In a sleepy village in Cambridgeshire lays the remains of an eccentric hoarders life. 
This isn’t a commercial scrap yard, nor even a dumping place. These are projects. Put aside for a rainy day, or until the right part turns up. They are not stacked in piles, they are parked sparsely around the site, which has now grown into a mature woodland; rewarding explorers who dare to venture a little further into the woods. 






If anyone can help identify these cars, please feel free to comment:

1.





2.





3.





4.





5.





6.
Gotta love this grille:





7.





8.
Love this old Vauxhalls expression of pain





9.





10.





11.





12. There was also this van: 





Side on, you can see it is still full of hundreds of identical metal boxes





The boxes found inside:










Can anyone date these reg plates?










There was also a caravan, still packed with possessions:





13. It’s not just motor vehicles, check out the trike on the roof!





UrbanX’s new ride:





I did manage find a bit of derelict building to explore on the site, sort of…





There were a few interesting bits around it tho: 
Bottles:





Old Cigarette crate





Pippette:


----------



## Snips86x (May 26, 2011)

Nice pics! Love picture 11


----------



## escortmad79 (May 26, 2011)

Gutted about the mk1 Escort! 

Pic 1 is an Austin Allegro
Pic 2 looks like an Austin A30 Countryman Estate
Pic 4 is a Hillman Avenger
Pic 5 is a Ford Anglia
Pic 6 is a "sit up & beg" Ford Popular 103E
Pic 8 is a seriously banana'd Vauxhall Chevette
Pic 9 is a Triumph Dolomite
Pic 12 is a Ford Thames 400E


----------



## night crawler (May 26, 2011)

You forgot number 10 which looks like another A35, brilliant photo's Urban X makes you feel as though your stood there.


----------



## Em_Ux (May 27, 2011)

Excellent photos and write up UrbanX.

Thanks for the info on the cars you guys and girls have shared


----------



## oldbloke (May 27, 2011)

*Numberplate*

*KPO 222 *


This combination was issued from 1949.................the year of MY birth also.

This plate would have been issued by West Sussex C.C. (currently Portsmouth). 

Thanks for this info given to.............................

http://www.numberplates.com/private-plates-issued/issued.asp


----------



## lazyurbexer (May 27, 2011)

I think that door way up on photo 1 may be a mk1 Escort door.


----------



## alex76 (May 27, 2011)

Nicely done, I love these old cars like the ones I grew up with.
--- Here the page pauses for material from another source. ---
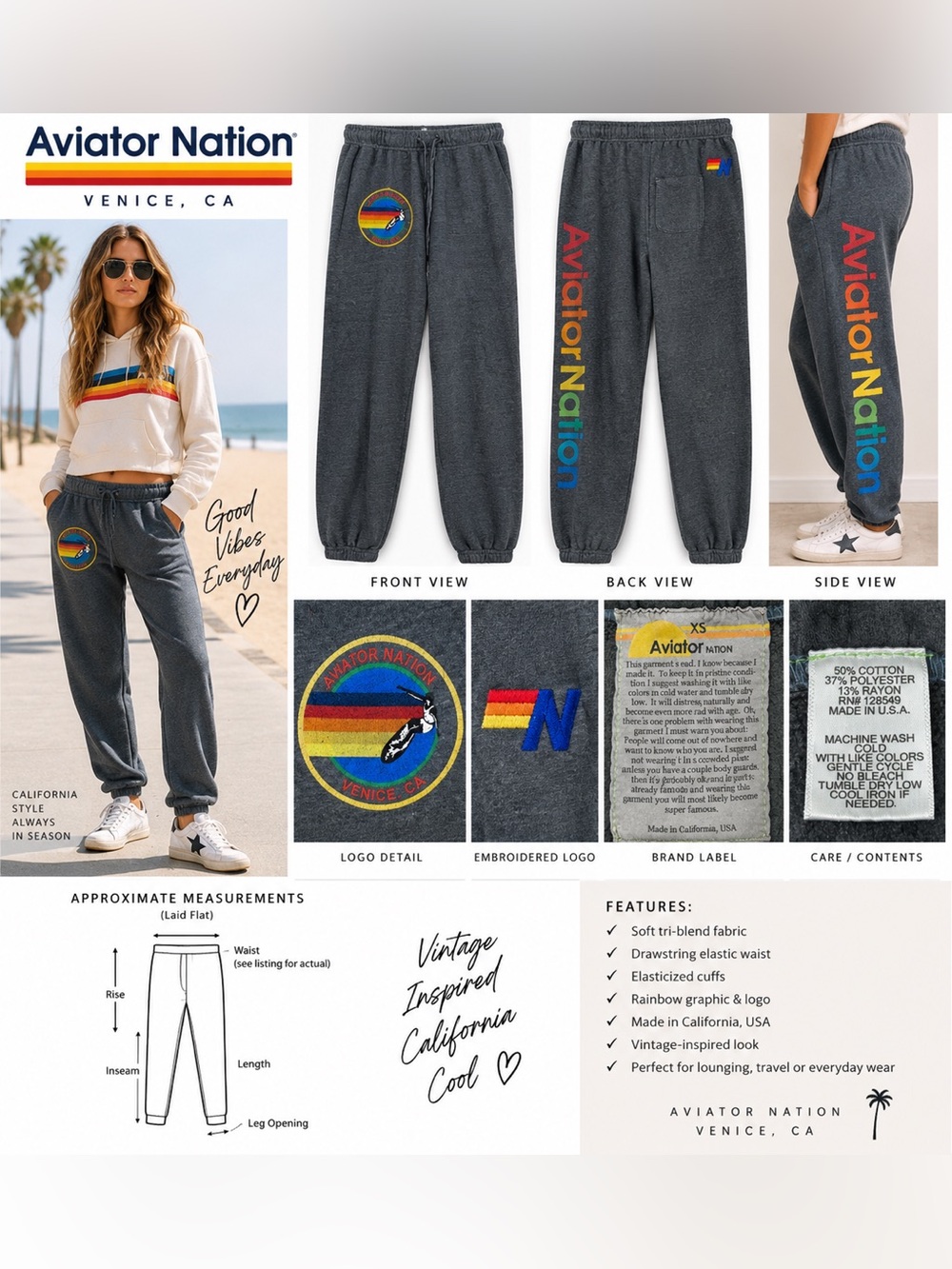 Aviator Nation Venice CA Rainbow Logo Sweatpants Joggers Gray Women’s XS US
Quality 
Nice find and great shots well enjoyed this thread thanks


----------



## Simon-G (May 28, 2011)

I love these pictures, just love em something soooo good about cars that have been left to be eaten by the elements around them. And the bike on top of the car roof I had one of them when I was about 10.

Really enjoyed these.


----------



## Em_Ux (May 29, 2011)

oldbloke said:


> *KPO 222 *
> 
> 
> This combination was issued from 1949.................the year of MY birth also.
> ...



Nice work thanks Oldbloke!

Thanks for all the replies.

This site was really interesting & I think there's even more to be seen!


----------



## UrbanX (Jun 2, 2011)

oldbloke said:


> *KPO 222 *
> 
> 
> This combination was issued from 1949.................the year of MY birth also.



Great info! 
Which is in better condition now, you or the car?


----------